Cambria Quartz in Ivybridge is perfect for your kitchen countertops and other applicable surfaces. The Ivybridge features dainty dark teal veins with hints of gold shimmer against a white background.
The Highline collection utilizes raised graphic design that can be subtle or more defined based on the glaze chosen. The tiles can be customized using the Colorfill technique (colors shown are Gray, Twig, and Olive).
If you are looking for a surface that is modern, durable, and adaptable, look no further than Formica. The Dalmata Terrazzo Matrix, available for both commercial and residential use, can be used for countertops, sinks, and shower surrounds.
The Caesarstone Arabetto is a beautiful, complex option for your kitchen countertops and backsplashes.
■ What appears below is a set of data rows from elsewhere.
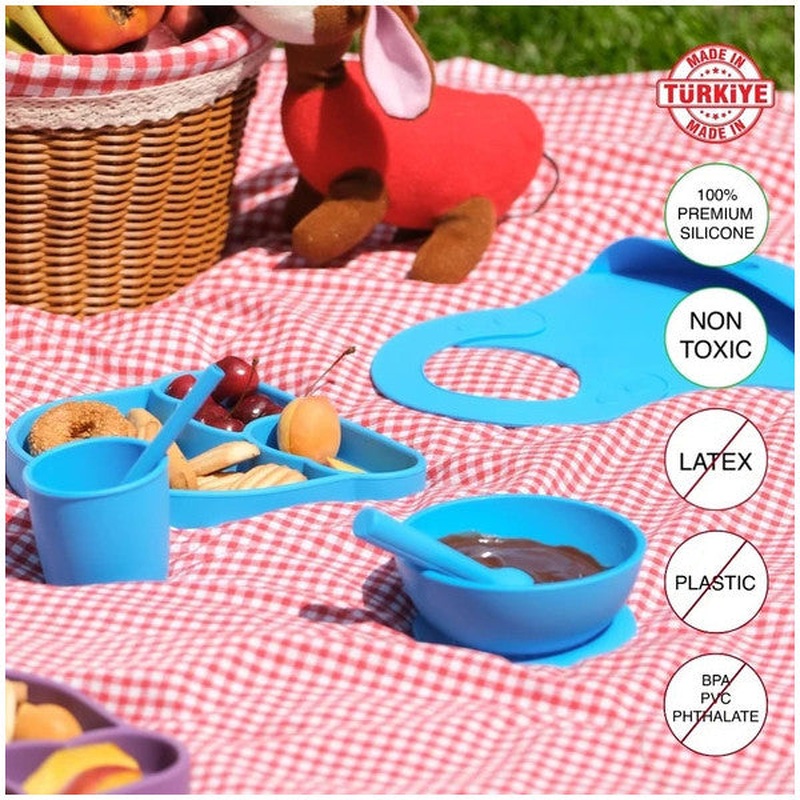 Babychefs Silicone Baby Feeding Set 6 Pieces-Blue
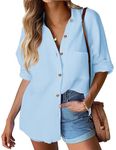 Hotouch Button Up Shirt Women Long Sleeve V Neck Collared Button Down Shirt Tops with Pockets Blue XL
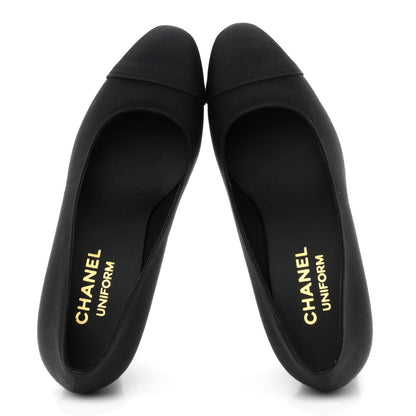 Chanel Grosgrain Women's Cap Toe CC Uniform Pumps 35 Black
The tile can also be used on home furniture, like tables and side tables.
The Saguaro Rainbow tile reimagines the great work of architect Frank Lloyd Wright. This artisanal tile will make the perfect centerpiece for your next design landscape.
Available in five earthy colors inspired by the Mediterranean, the Sunlit Days collection is also carbon-neutral, making it a great sustainable option.
Koros Mosaics displays a handcrafted geometric design that draws inspiration from the African weaving technique of mud cloth. The stone designs are laid using small marble stones, making it a lovely backsplash for a bathroom or kitchen.
For flooring inspired by the gardens and grottos of Italy, the Fornace Brioni collection features dynamic geometric shapes made by hand from artisan-crafted molds. The two tile pairing includes one cotto bianco and one cotto variegato.
This classic Calacatta marble design in engineered Quartz featuring soft grey wide veins and a vibrant white backdrop serves as a great addition for your kitchen or bathroom interiors. It doesn't require sealing and is non-porous.
With more surface texture than the other natural stones, slate is a great choice for wet areas where you may need slip resistance. But as a natural stone, it does require some maintenance, like regularly sealing its surface. It’s also prone to cracks, given its natural composition.
Of the types of natural stone that are made into tiles, granite is one of the strongest out there, and one of the easiest to maintain. As such, it’s perfect for high-traffic areas, wet areas, or really any area you’d want to put tile.
One of the most elegant natural stones out there, marble provides a classy look no matter where you install it. But while it’s a very pretty and highly durable stone, it’s porous, meaning it requires a bit of maintenance to keep clean—and it can scratch and stain easily.
Ceramic tiles allow for the most creativity, given that they can be customized with countless colors, patterns, shapes, and textures—some are even designed to look like wood. They’re more cost-effective than natural stone and just as durable.
While you won’t find large glass tiles on the floor, you might find glass mosaics. They’re particularly great in bathrooms, as glass is naturally water-resistant, plus the grout between each individual tile creates friction for a no-slip grip.
You can also go the synthetic route with your tiles by choosing vinyl. Vinyl tiles are flexible—in terms of both the material and the colors it can come in—making them feel softer underfoot than natural stone or ceramic. But they’re not particularly water-resistant, so keep them away from your bathroom. Vinyl tiles also come in peel-and-stick versions if you’re just looking for a decorative flooring option.